On Wed, 2013-02-27 at 07:49 +0100, Vincent Hanquez wrote:
> On Mon, Feb 25, 2013 at 01:30:40PM +0100, Nicolas Trangez wrote:
...
> I've been looking at the same thing lately, and i've been quite surprised, to
> say the least, by the usual go-to packages (cereal, binary). Performance wise
> this is hard to summarize, but if you serialize something small and have a 
> easy
> to compute size (e.g. fixed size structure), i would advise against using any
> kind of builder structure (builder,cereal,binary), and go directly at the
> Storable level, if performance need to be on-par other languages.
> 
> My initial interpretation is that the builder initial cost is quite high, and
> only get amortized if the number of operations is quite high (and have less
> bytestrings). So if you have many structures encoded in one encoding operation
> it's probably ok-ish.
> 
> I've made the following benchmark when i was doing my experiments,
> that shows basic serialization of bytestring-y data structures:
> 
> * "bclass" is a simple function that use bytestring concat or append
> * "bclass+io" is a simple function that use mutable bytestring + poke to 
> create the bytestring
> * "cereal" is cereal's encode function
> * "binary" is binary's encode function
> * "builder" is bytestring's builder.
> 
> * simple bytestring of constant size: <sz>
> * n bytestrings of same size: n*<sz>
> * n bytestrings of different size: <sz>+<sz2>+..

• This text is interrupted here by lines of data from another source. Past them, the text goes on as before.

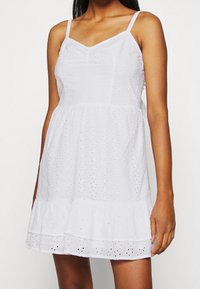 Vit ärmlös klänning tillverkad av bomull med ett ögla-mönster, volangkant och figurnära midja, med tunna axelband och V-ringning.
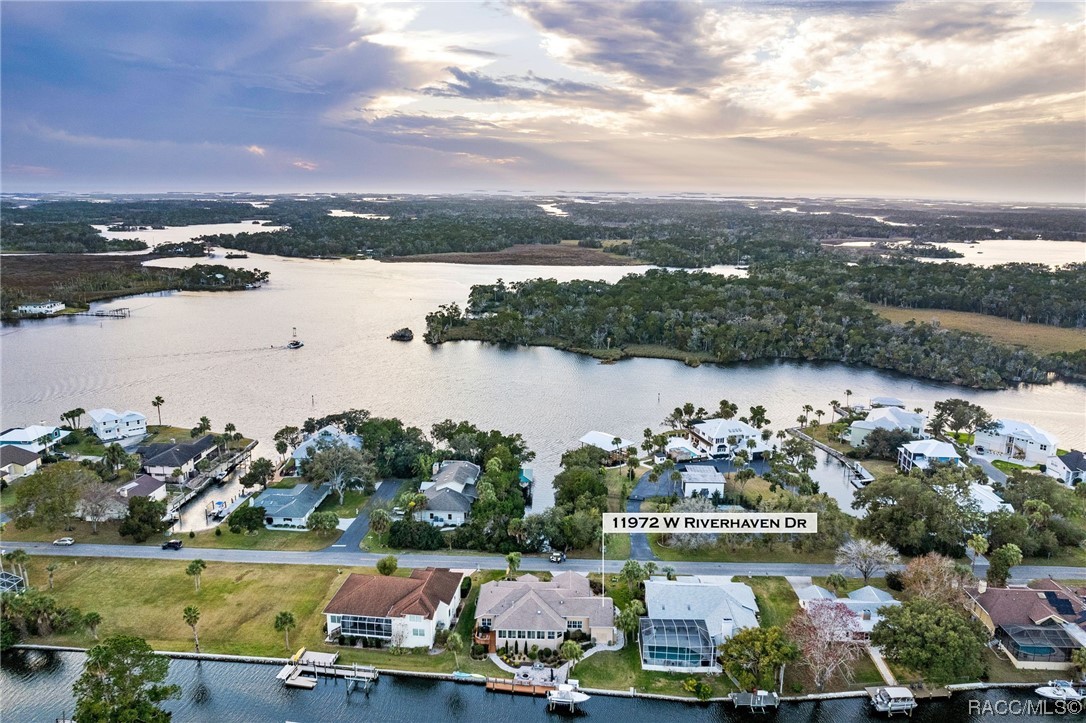 Can you recognize true quality in a waterfront residence?  Step into this meticulously built home and you will find five-star features throughout. The location is just 580 feet from the Homosassa River giving you easy access to the Gulf of Mexico with ideal river and gulf fishing at your command. Just a short distance to the Riverhaven Marina and waterfront restaurants. The neighborhood of Riverhaven Village is arguably the best planned waterfront community on the Nature Coast.  It offers a community park, clubhouse (membership optional), RV/boat parking area and friendly neighbors.  This home offers lots of extras - extra quality woodwork throughout, 3 zoned heating & cooling, 2 zoned surround sound system, 3 full baths with linen closets, 3 bedrooms with walk-in closets, stained glass windows, built-in whole house generator, new dock & upper deck with maintenance-free decking, 9000 pound boat lift with remote control, and more.  Ask your Realtor for a complete list. You will love living here.  Call today for an appointment to view this terrific home.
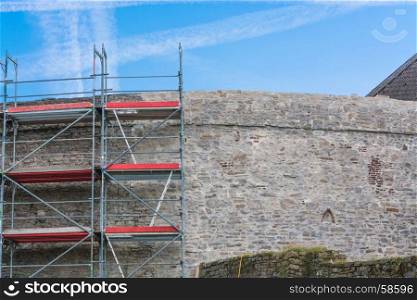Old city walls with scaffolding against blue sky.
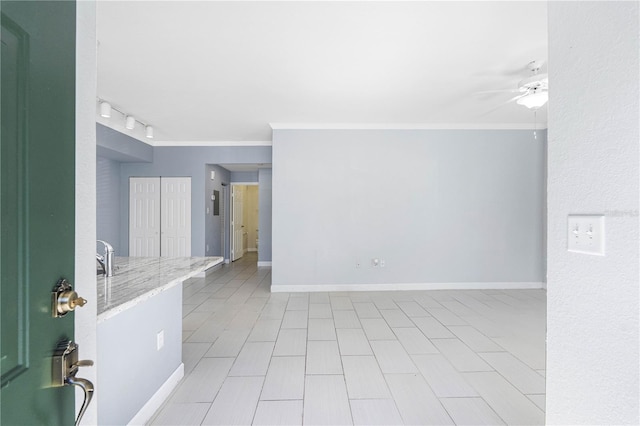 empty room featuring rail lighting, ceiling fan, and ornamental molding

> * n bytestrings plus a w32 prefixed size: len+n*<sz>
> 
> Obviously, caveat emptor:
> 
> http://tab.snarc.org/others/benchmark-bytestring-serialization.html
> 
> Let me know if anyone want the source file.

These are some really interesting (and very consistent) results, thanks!
I guess I should do some benchmarking myself and maybe change some thing
around (heck, now I'm using Builder to serialize constants :-P).

It might be worth to share these benchmarks with the 'binary' and
'bytestring'/'blaze-builder' maintainers?